### [AIM OF THE EXERCISE]
Return the lines below exactly, starting with the line that contains "Carrier Access Adit" and stopping after the last line.

** SOURCE DATA follows **

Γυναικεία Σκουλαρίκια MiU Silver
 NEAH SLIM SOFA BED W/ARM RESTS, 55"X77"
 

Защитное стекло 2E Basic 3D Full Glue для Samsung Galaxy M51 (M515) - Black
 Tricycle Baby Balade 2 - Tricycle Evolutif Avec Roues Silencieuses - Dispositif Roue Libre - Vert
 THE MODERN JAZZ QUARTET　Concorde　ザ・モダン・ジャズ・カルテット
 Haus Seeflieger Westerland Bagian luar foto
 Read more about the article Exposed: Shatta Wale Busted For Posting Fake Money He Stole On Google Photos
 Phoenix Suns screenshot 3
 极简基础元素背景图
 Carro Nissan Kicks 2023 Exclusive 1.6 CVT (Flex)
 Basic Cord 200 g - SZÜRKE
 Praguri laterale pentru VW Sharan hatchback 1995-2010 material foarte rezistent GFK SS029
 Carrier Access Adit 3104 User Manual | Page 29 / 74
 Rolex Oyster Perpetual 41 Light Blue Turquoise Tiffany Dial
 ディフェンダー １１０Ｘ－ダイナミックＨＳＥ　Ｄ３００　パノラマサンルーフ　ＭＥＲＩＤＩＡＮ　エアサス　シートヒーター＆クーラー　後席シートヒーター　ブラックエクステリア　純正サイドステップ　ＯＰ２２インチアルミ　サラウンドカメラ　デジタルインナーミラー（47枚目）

** End of SOURCE DATA **

### [RESPONSE TO THIS TASK]
 Carrier Access Adit 3104 User Manual | Page 29 / 74
 Rolex Oyster Perpetual 41 Light Blue Turquoise Tiffany Dial
 ディフェンダー １１０Ｘ－ダイナミックＨＳＥ　Ｄ３００　パノラマサンルーフ　ＭＥＲＩＤＩＡＮ　エアサス　シートヒーター＆クーラー　後席シートヒーター　ブラックエクステリア　純正サイドステップ　ＯＰ２２インチアルミ　サラウンドカメラ　デジタルインナーミラー（47枚目）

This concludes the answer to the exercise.